Background:
Until recently, the hemophilia B community has only had standard Factor IX (FIX-Fc) products as treatment choices. With the availability of additional standard rFIX products and extended half-life (EHL) rFIX-Fc, there has been much debate (1-4) regarding clinical and cost expectations, balanced with optimizing use in patients. To level the debate, an understanding of real-world prescription costs of patients who switch to EHL FIX-Fc products is warranted.
Objectives:
1) To characterize patients who switch from rFIX to EHL rFIX-Fc, and 2) to understand their change in factor costs.
Methods:
Retrospective analysis using national US specialty pharmacy dispensing databases from Jan 1, 2013-Apr 25, 2015 of Hemophilia B (ICD-9 code 286.1) individuals who switched from rFIX to rFIX-Fc. Descriptive statistics summarized patient characteristics. Patients who had at least 90 days of prescription coverage on both products were included. Utilization was averaged on a monthly basis pre and post switch.
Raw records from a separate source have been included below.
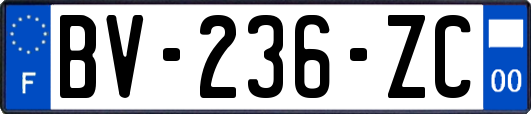 BV-236-ZC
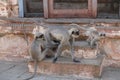 A family of black faces monkeys, India Royalty Free Stock Photo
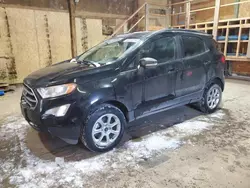 Ford salvage cars for sale: 2019 Ford Ecosport SE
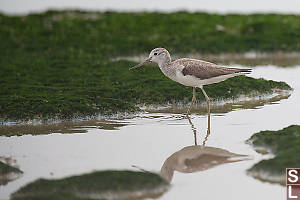 Common Greenshank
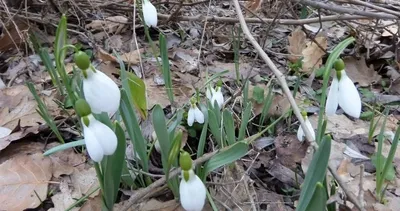 Kütahya Murat Dağı'nda kardelen koparmanın cezası 699 bin 245 TL #kutahya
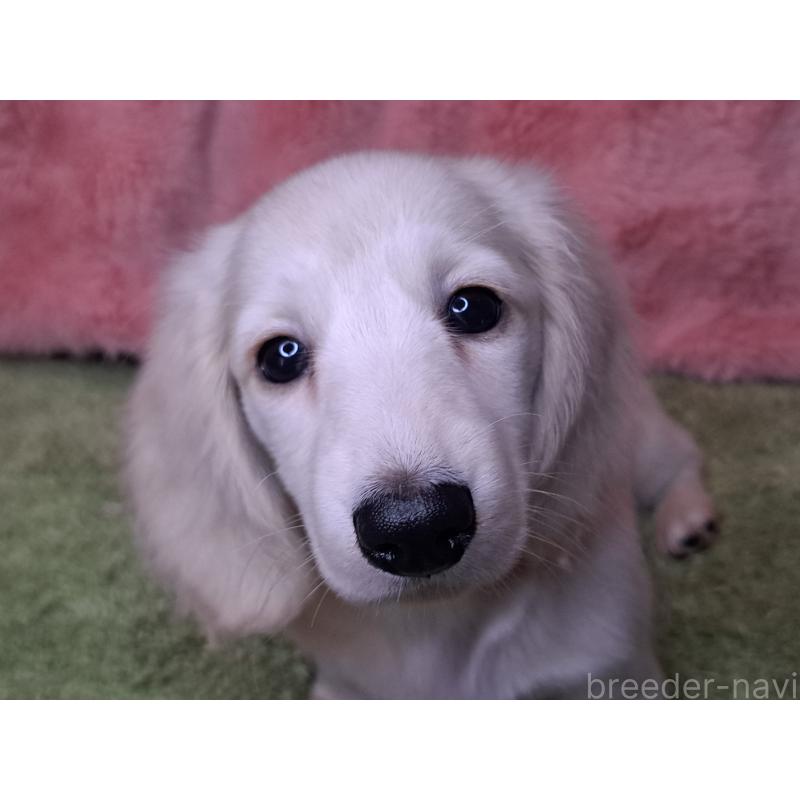 販売中の愛知県のミニチュアダックスフンド(ロングヘアード)-445005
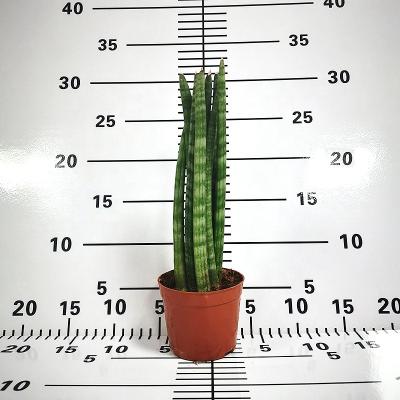 China Farm Garden Ornaments Plant Artificial Sansevieria Indoor Office And Home Decoration for sale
Costs were calculated by multiplying the units by the wholesale acquisition prices for each product (Red Book) and the percentage change in cost from rFIX to EHL-rFIX was compared. This analysis studied patients who switched but stayed on similar regimens. Cohorts were characterized as prophylaxis to prophylaxis (P to P), or on-demand to on-demand (OD to OD).
Results:
Sixteen switchers were included in the study. Hemophilia severity was reported as 62.5% severe, 12.5% moderate, 6.25% mild, and 18.75% of unknown severity. The P to P cohort comprised of the majority of patients at 87.5% (n=14) while OD to OD were smaller at 11% (n=2). The median ages for these cohorts were similar. The P to P median age was 15 (range: 5-51) and OD to OD was 14 (range: 13-15) years old. Median prescription costs increased in the P to P cohort by 40% (range: -56% to 181%), while OD to OD increased by 173% (range: 1% to 348%).
Conclusion:
While the availability of EHL rFIX-Fc allows hemophilia B patients an option with less frequent infusions, our findings demonstrate that for those who initially switched from prophylaxis to prophylaxis or from on-demand to on-demand regimens, costs increased for the majority of patients. This analysis provides initial real-world cost data for those who have switched to EHL and may be helpful in decision makers’ understanding of the value of EHL rFIX-Fc in hemophilia B.